Even if I went to the hospital or the outpatients after advice from calling the non-emergency line (because I didn’t want to waste anyone’s time), they would spend two seconds listening to my problem before saying “it’s just anxiety.”
I have multiple undiagnosed pains and issues that have been ignored after mental health was mentioned. Yet, I didn’t even get a confirmation that was anything other than “it’s probably in your head.” One condition took me a year to heal, and many doctors and appointments later it kept being put down to stress; it turns out, it wasn’t. A lovely doctor took me seriously and after a course of medication, I was fine. I went through such a long time of unnecessary pain because they couldn’t see past my history of anxiety.
If you’ve ever been treated by a new doctor who says they will run this and that to make sure you are OK, for them to then find out your mental health history and decide it’s all in your head, you may know how degrading it can feel. It’s like doctors no longer see me as a patient; they only see me as my mental illness, or from the viewpoint of the last doctor.
I understand that poor mental health can cause many issues — our brains are so powerful and can manifest physical symptoms that are very real — but it hurts for a doctor to decide your fate based on one possibility.
It’s almost as if you are immune to everything else if you have poor mental health.
While I can understand they may be trying to avoid unnecessary tests and save both our time, the effect it’s had on me has only pushed me away from trusting healthcare professionals. Because now, I cannot tell if I need help or if I’m just having a relapse and I am now worried that, one day, it may cost me my life.
I’ve proposed appointments for months, until I am in unbearable discomfort, just because I am worried I will be wasting their time, or be made to feel that way again.
I can’t shake the feeling that when I get ill, I’ll just be told to try a different mental health medication or like I have been told before, be shunned with a shrug and “What do you want me to do about it?”
I just wish a doctor would treat me like they would every other patient before playing the mental health card and assuming I’ve made it all up.

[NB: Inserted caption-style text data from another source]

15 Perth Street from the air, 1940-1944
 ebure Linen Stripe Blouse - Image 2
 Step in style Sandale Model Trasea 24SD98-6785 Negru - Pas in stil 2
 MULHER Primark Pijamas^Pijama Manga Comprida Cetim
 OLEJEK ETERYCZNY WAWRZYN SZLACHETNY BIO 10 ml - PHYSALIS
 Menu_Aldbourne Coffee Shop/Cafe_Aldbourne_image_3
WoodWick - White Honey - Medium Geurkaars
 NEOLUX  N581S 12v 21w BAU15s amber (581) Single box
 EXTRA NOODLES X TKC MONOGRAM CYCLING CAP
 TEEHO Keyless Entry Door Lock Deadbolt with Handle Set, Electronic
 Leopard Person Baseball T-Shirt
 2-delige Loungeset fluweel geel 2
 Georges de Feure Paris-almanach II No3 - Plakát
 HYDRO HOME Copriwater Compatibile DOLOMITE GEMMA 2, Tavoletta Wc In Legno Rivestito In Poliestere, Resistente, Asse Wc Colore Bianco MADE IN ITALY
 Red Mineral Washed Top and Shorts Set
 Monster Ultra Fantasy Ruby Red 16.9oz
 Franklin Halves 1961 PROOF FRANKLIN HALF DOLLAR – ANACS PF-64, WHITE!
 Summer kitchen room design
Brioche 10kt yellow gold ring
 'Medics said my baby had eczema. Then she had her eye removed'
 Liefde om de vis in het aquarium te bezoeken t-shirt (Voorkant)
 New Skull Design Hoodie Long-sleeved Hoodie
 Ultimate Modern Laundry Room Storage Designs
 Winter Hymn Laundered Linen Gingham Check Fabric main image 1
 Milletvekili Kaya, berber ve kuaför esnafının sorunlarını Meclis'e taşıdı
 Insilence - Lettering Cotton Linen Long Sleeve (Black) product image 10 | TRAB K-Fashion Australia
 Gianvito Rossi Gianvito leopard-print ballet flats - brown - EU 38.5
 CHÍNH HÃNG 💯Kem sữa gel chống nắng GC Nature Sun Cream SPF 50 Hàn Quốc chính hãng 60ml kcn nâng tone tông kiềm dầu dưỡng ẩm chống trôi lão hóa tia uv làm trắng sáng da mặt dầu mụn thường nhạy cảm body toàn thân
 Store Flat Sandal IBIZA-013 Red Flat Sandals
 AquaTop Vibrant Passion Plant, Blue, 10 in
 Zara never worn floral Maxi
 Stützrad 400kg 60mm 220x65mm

Believe me, I wouldn’t be at the doctor unless I really had to be.
Luckily, I have had the blessing of meeting healthcare professionals who treat me like I am human and who made me feel like I deserve help, but they have been few and far between, in my case.
Seeking help shouldn’t be like a lottery.
If you have gone through the procedures you would with a typical patient, and it still comes up with no cause other than possibly mental health related, then I’ll be happy. Just give me a chance to be taken seriously.
After all, a medical record can only give you half a story and my mental illness does not prevent me from becoming ill from something “physical.”
Please, doctors, just take the time to listen and understand your patient; don’t stamp them with the brand of “mental illness” before you know their story from your own point of view. Even if it is our anxiety flaring, being treated with dignity and respect can help us in so many ways, and we’ll know we can seek help in the future rather than avoid it.